Praise for Declan Burke: “Burke shows again that he’s not just a comic genius, but also a fine dramatic writer and storyteller.” – Booklist. “Proust meets Chandler over a pint of Guinness.” – Spectator. “Among the most memorable books of the year, of any genre.” – Sunday Times. “A hardboiled delight.” – Guardian. “Imagine Donald Westlake and Richard Stark collaborating on a screwball noir.” – Kirkus Reviews. “A cross between Raymond Chandler and Flann O’Brien.” – John Banville.

Thursday, August 12, 2010

On Writing For Fun, And Other Lunacies

Maybe it’s just me, but a chart of this writer’s writing life would probably look a lot like a seismograph during a quake hitting 7.2 on the Richter Scale, or a polygraph attached to Janet Evanovich during an interrogation during which she was asked if she really believed - like, seriously now - that four of her novels were worth an advance of fifty million dollars, or thereabouts.
(What bugs me about the Evanovich demand for $50 million advance - I’ve never read any of her novels, so I’m in no position to say if she’s worth it, although it’s fair to say that you’d need thumbscrews to truly convince me - is that if she’d only asked for $49 million, there’d still have been a spare million left over to divide up between a thousand or so other writers, giving them not necessarily a living wage but the hope that some day, they might just be able to earn a crust from this gig. And you’d have to imagine that, out of that thousand, at least one would be able to come up with something a little fresher than a tired reworking of a raddled old post-feminist parody. But I digress.)
  Anyway, that seismograph chart - the life of a struggling wannabe writer is one of rapid and violent ups and downs, and far more downs than ups. That goes with the territory, puts fire in your belly, and if nothing else, gives you an overwhelming desire to succeed even if it’s just to prove the bastards wrong.
  The last week or so has been pretty much typical. A little birdie whispers the very bad news that one of the best Irish crime writers has had his / her American contract cancelled for lack of sales. Shameful stuff, totally unexpected and utterly depressing, given that he / she is a terrific writer who is never less than entertaining and also pretty illuminating about the world we live in right now.

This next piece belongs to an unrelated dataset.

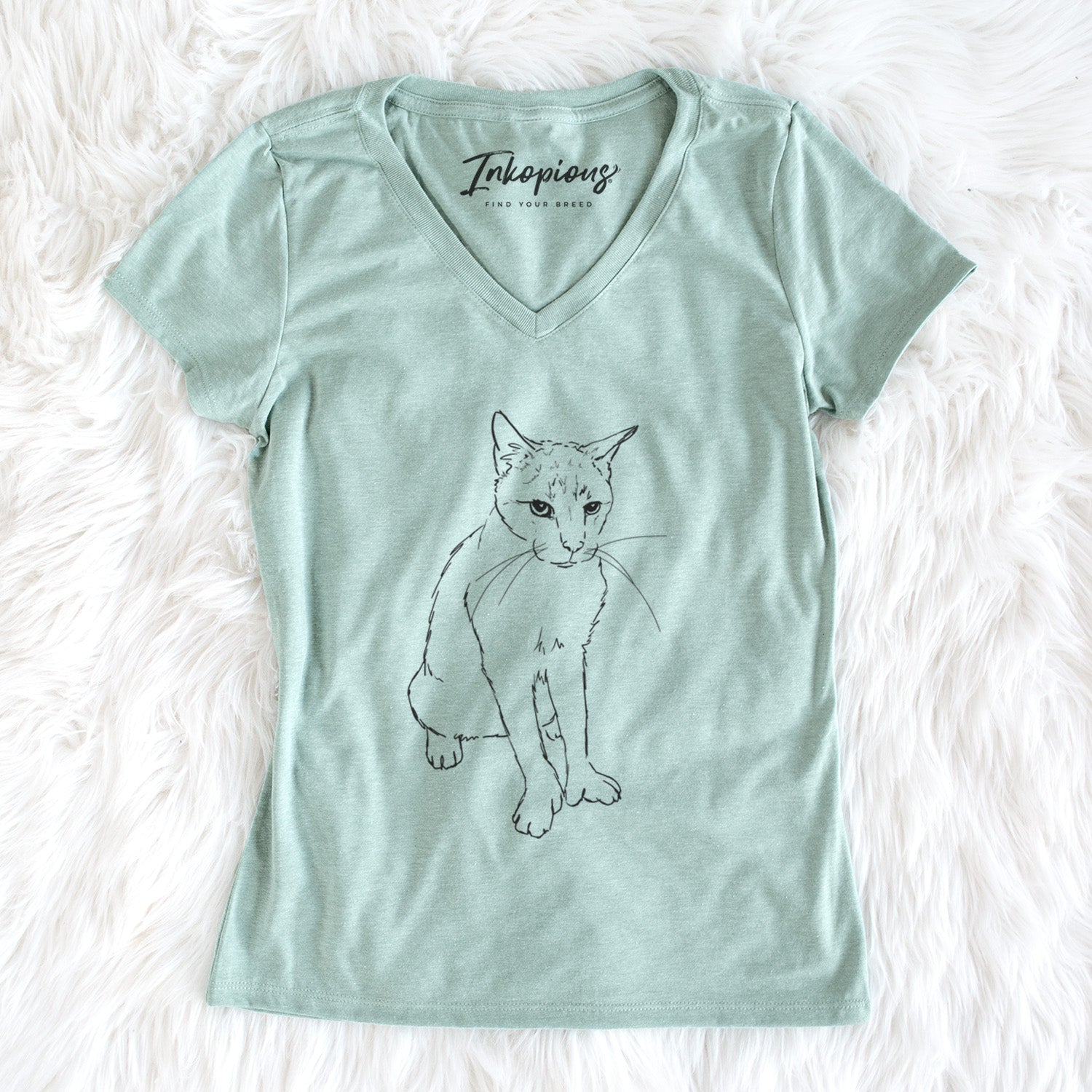 Doodled Henry the Cat - Women's Perfect V-neck Shirt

  That’s the biz, I suppose.
  For me personally, it’s been a decent week. I got a green-ish light on a project I’ve been working on for about two years, of which more anon. I also heard that there are two US publishers taking a good long squint at BAD FOR GOOD, and that initial reactions have been very positive. Not that that amounts to a molehill of beans, in real terms, but still, it’s good to know that someone out there is reading it, and liking it.

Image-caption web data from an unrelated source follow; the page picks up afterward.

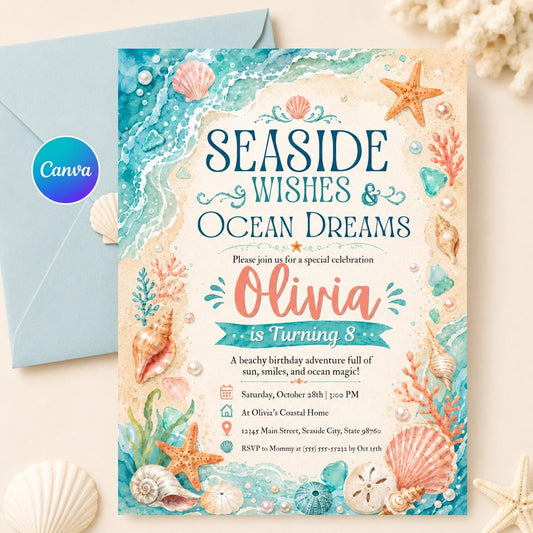 Seashell Birthday Invitation, Beach Birthday Invitation, Shore Sea Invitation, Blue Ocean Theme Party, Summer Sea Theme Party Invite, Canva __etsy:8053443344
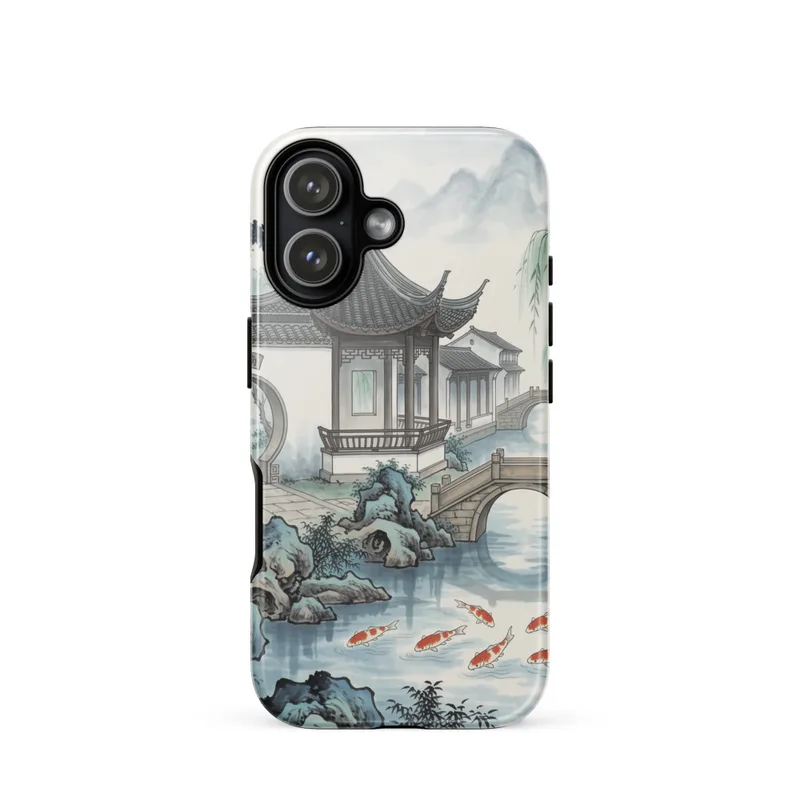 Lakeside Pavilion Tough Phone Case, traditional Chinese ink-and-colour art, iPhone 15, 16 and 17 case, Jiangnan garden gift, koi pond design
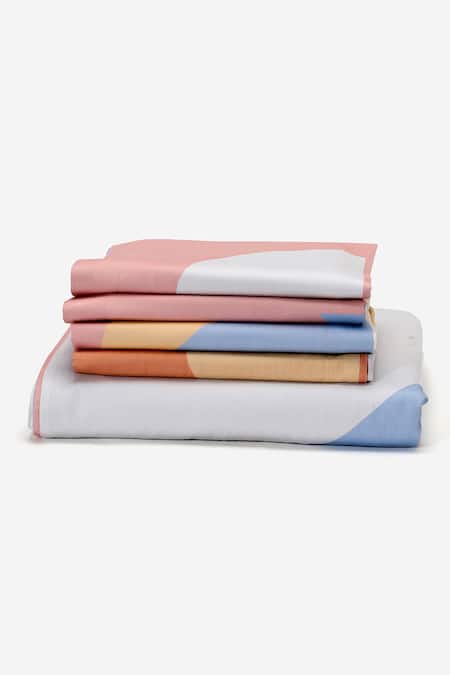 Kyoona_Blue 100% Cotton, Satin Weave Semi Polka Phases Of Moon Bedcover Set_at_Aza_Fashions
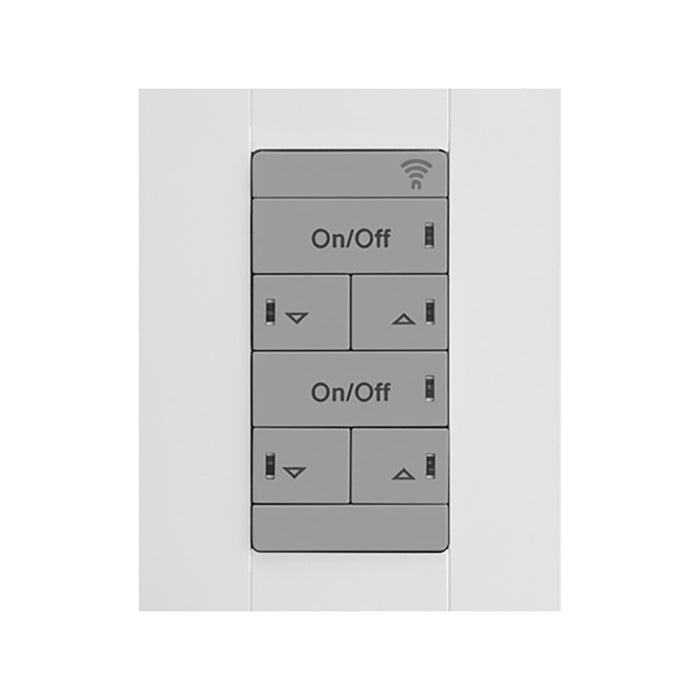 nLight NPODMA 2P DX Wired Wall Switch, 2 Channels, On/off + Raise/Lower Control - Gray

  I’ve also been doing quite a bit of writing, largely because I joined a ‘writing group’ last month. Four people, decent skins all, coming together to pool resources and give one another a helping hand over the various humps and hillocks that get in the way of putting words on paper. We all have our own agendas, and we’re all at different stages of the publishing game, which will be very healthy, I think. For my own part, my needs are threefold. One, that said decent skins apply shoe leather to my skinny white ass and get me writing again; two, that that process will help me rewrite a novel currently labouring under the weight of its 149,000 words into something more taut, elegant and accessible; and three, that I can get back to writing the way I used to write in the good old days before I ever got published, and start telling stories just for the fun of it.
  That might sound a little naïve, but during the last two years or so, I’ve started at least five different novels, investing anything between 10,000 and 30,000 words in each. Every time I came grinding to a halt, worn down by the constant process of second-guessing the industry, particularly the bean counters to whom most editors have to answer these days, worrying if what I was doing was commercial (very probably), or commercial enough (hard to say), or if I wouldn’t be more profitably employed shouting down a well (very probably).

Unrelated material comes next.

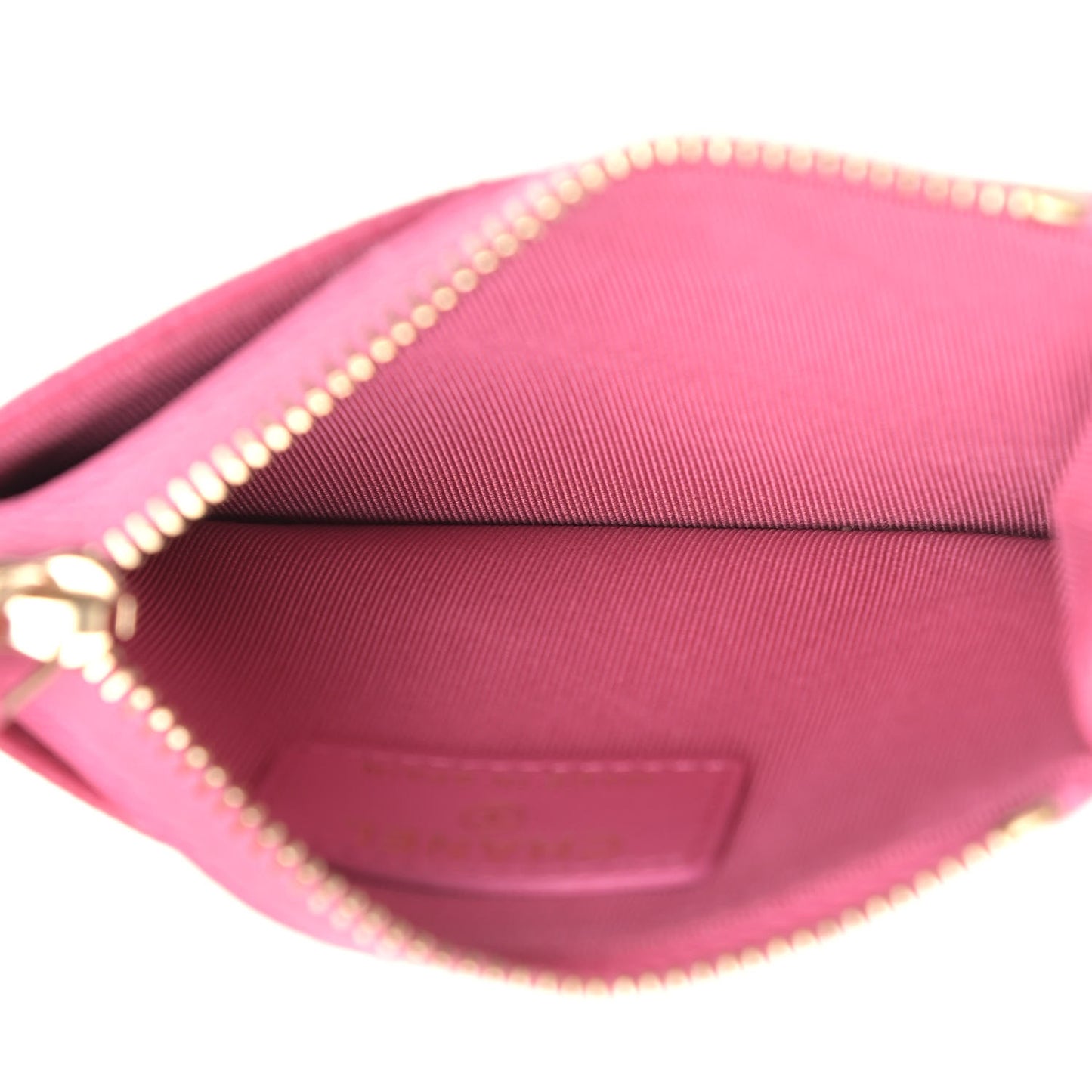 Caviar Quilted CC Zip Card Holder Pink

  Fun. Not a word you hear very often when people talk about writing in particular and the publishing industry in general. But it’s why I started writing, way back when, those halcyon days when the process of putting words in their best order was enjoyable for its own sake. A very serious kind of fun, of course, given that writing is a serious business, whether or not the business takes you seriously. But fun.
  My little girl arrived home yesterday from crèche with a paper folder full of drawings and doodles and paintings and sparkly stuff, my favourite of which you can see above. Bright, colourful, bold, fun. Was Lily worried about what anyone thought about her picture when she was painting? Hardly, given that she’s only two years-and-a-bit old. Had she any idea that when her silly old sentimental Dad saw it, his heart would feel like it might explode? Probably not. Did she just get stuck in and splash the paint around and do the best job that fun would allow? I’d imagine so. Will anyone ever pay for it? Not that I’d ever sell it, but no.
  The ‘writing group’ met for the first time last month, and the plan is that we assemble in mid-September with 2,000 words each to show for our efforts this month. The good news there is that I’ve already racked up 15,000 words in the last three weeks, although the bad news - given that I’m supposed to be rewriting the damn thing - is that said 15,000 words are all brand new and freshly minted. Mind you, the process of writing that section has allowed me to identify not only a massive, glaring flaw in the novel, but also how to rectify it. I’d say that that 15,000 words will save me about 40,000 by the time I get into the heart of the story.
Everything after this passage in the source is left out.